Check each line of the entries below for the string "Property"; copy every line where it appears.

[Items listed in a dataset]
..........
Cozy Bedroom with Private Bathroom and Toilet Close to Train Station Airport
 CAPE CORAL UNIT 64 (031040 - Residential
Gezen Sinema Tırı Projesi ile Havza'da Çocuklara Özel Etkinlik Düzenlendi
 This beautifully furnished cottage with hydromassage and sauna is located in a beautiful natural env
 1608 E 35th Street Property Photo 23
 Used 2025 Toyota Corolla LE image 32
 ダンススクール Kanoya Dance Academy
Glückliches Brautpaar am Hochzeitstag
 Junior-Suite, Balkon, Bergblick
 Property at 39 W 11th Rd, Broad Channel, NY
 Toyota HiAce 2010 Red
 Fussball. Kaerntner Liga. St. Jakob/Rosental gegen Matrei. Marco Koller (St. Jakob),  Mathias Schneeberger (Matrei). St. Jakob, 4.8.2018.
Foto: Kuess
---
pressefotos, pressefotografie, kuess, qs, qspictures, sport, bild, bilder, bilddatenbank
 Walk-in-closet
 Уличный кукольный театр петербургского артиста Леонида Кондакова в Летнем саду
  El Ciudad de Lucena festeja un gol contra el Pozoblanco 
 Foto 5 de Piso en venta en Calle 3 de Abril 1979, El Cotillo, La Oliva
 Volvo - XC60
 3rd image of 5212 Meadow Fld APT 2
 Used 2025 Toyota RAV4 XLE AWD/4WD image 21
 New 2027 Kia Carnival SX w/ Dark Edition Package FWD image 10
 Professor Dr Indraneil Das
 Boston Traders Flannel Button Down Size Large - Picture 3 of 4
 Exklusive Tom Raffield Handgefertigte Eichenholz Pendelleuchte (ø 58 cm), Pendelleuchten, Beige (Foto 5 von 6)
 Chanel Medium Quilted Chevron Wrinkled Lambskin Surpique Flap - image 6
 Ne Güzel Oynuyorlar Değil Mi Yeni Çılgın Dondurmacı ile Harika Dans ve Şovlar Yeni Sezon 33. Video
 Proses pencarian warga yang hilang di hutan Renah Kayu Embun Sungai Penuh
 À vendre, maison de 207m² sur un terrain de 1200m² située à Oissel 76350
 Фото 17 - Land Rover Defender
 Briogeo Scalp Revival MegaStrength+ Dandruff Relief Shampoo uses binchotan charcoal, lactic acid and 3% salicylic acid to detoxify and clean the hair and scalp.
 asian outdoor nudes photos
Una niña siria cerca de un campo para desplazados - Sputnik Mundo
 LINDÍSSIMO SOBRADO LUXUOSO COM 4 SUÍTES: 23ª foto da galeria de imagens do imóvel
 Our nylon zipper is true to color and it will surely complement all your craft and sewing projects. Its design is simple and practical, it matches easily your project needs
..........
## Written solution
 1608 E 35th Street Property Photo 23
 Property at 39 W 11th Rd, Broad Channel, NY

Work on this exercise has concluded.